EXERCISE DATA -
Start of Block

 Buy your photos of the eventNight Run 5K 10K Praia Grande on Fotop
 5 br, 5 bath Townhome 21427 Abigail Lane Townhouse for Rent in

End of Block
Start of Block

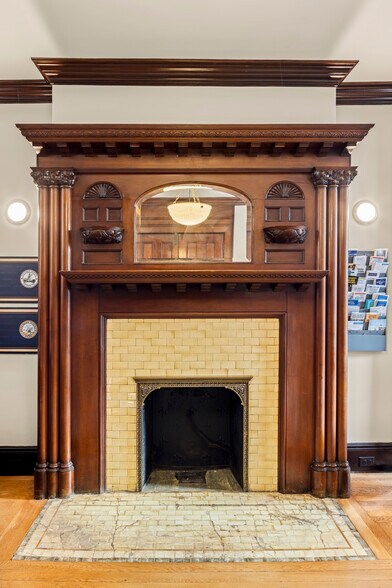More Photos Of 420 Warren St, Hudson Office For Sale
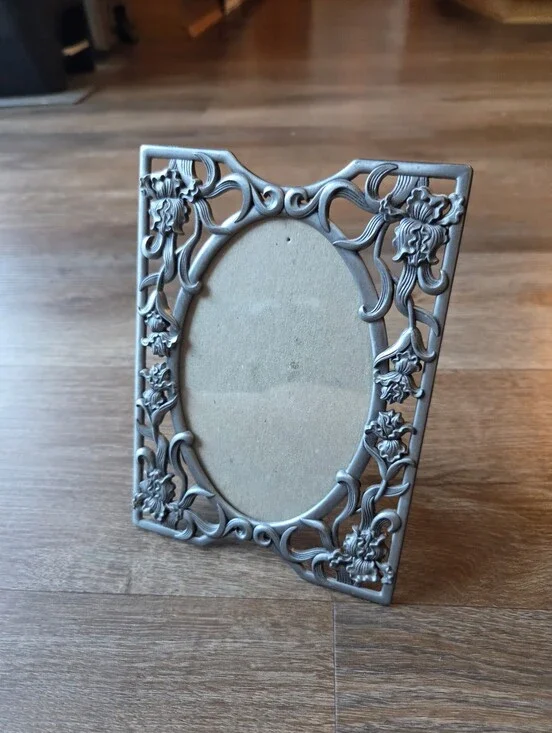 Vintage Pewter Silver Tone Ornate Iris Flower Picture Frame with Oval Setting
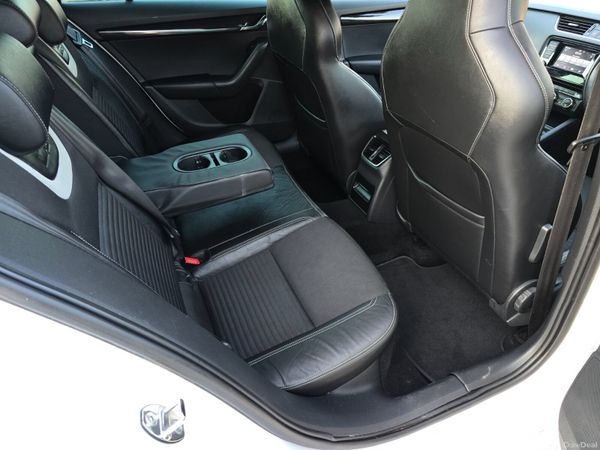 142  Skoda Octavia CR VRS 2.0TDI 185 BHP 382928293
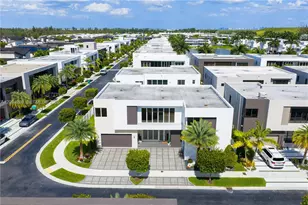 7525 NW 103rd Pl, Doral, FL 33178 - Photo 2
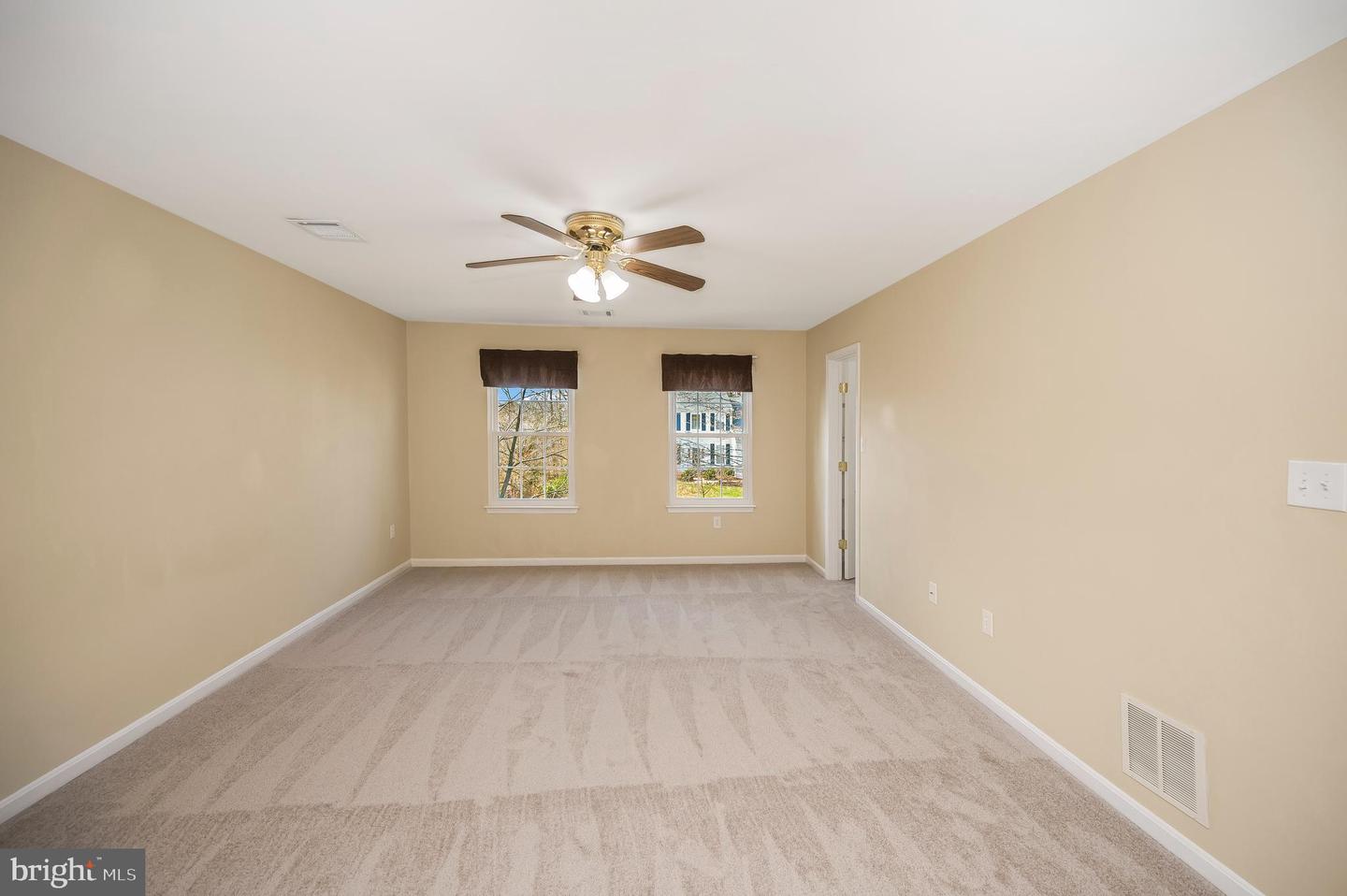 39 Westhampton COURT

End of Block
Start of Block

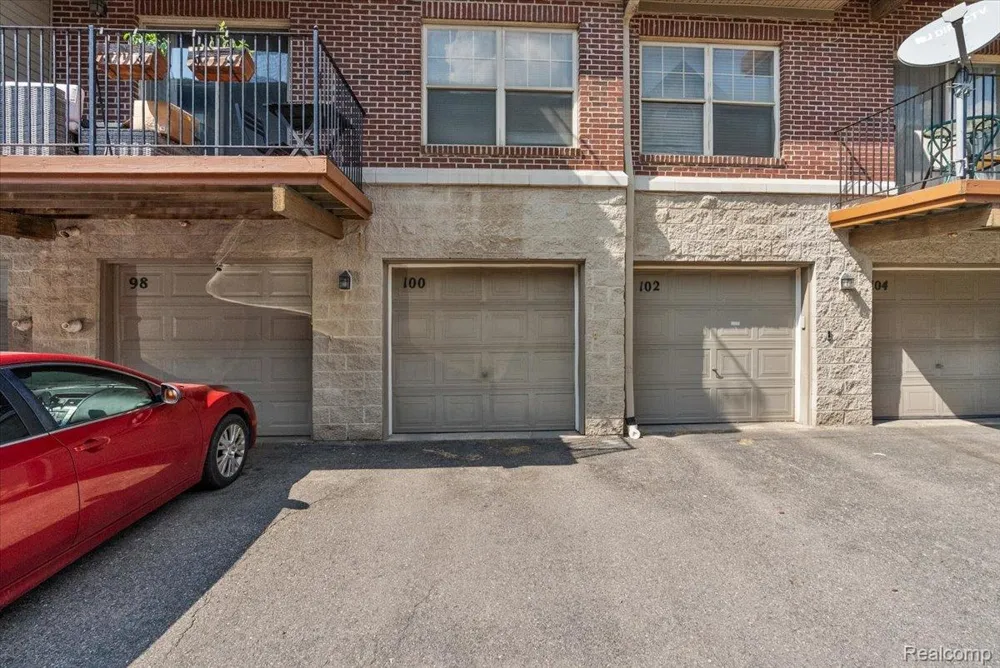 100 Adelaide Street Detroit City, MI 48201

End of Block

AIM OF THE TASK - Go back to the listing above and reproduce, exactly, the stretch from the line bearing "7525 NW 103rd Pl, Doral, FL 33178 - Photo 2" through the line bearing "39 Westhampton COURT", without its pictures.

THE ANSWER -
 7525 NW 103rd Pl, Doral, FL 33178 - Photo 2
 39 Westhampton COURT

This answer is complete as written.